**Task requirements**
Where the data below contains pictures, omit them; output the rest word for word.

Material provided START

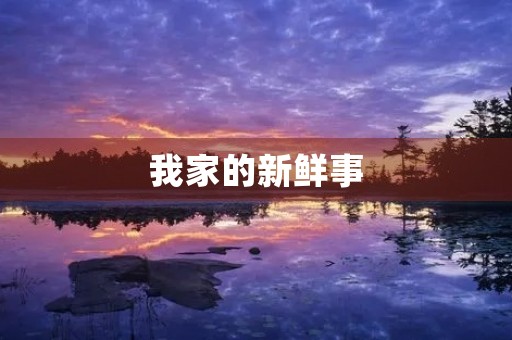 我家的新鲜事 我家的新鲜事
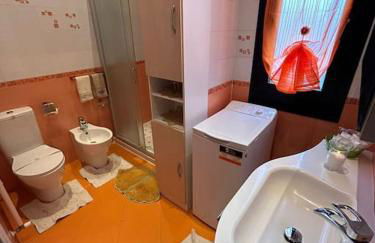 i tulipani - Foto 62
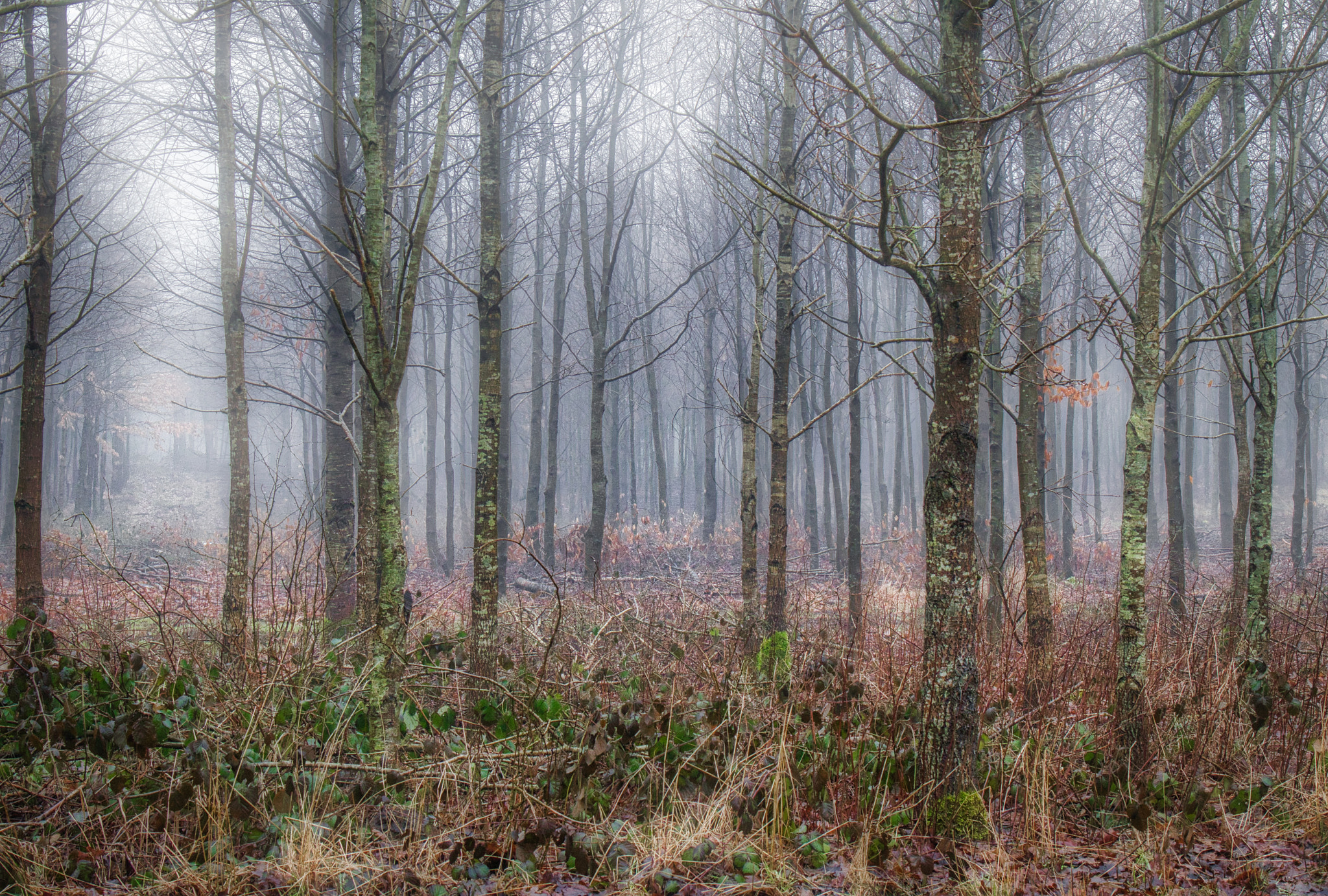 Canon EF 24-70mm F4L IS USM sample photo. Forest dream photography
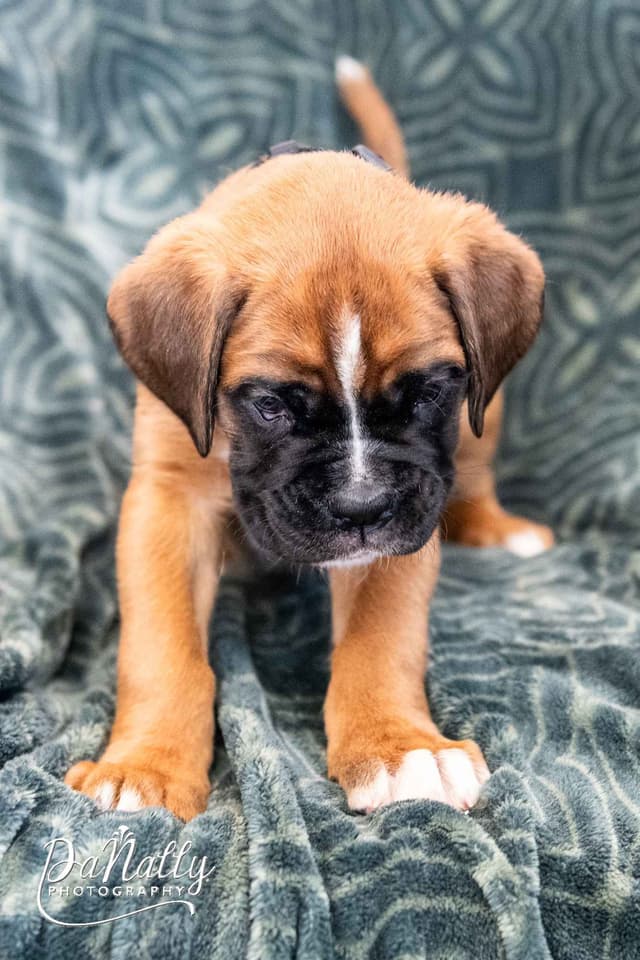 Euro-Boxer Puppies media 12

Material provided END

**Solution to the problem**
 我家的新鲜事 我家的新鲜事
 i tulipani - Foto 62
 Canon EF 24-70mm F4L IS USM sample photo. Forest dream photography
 Euro-Boxer Puppies media 12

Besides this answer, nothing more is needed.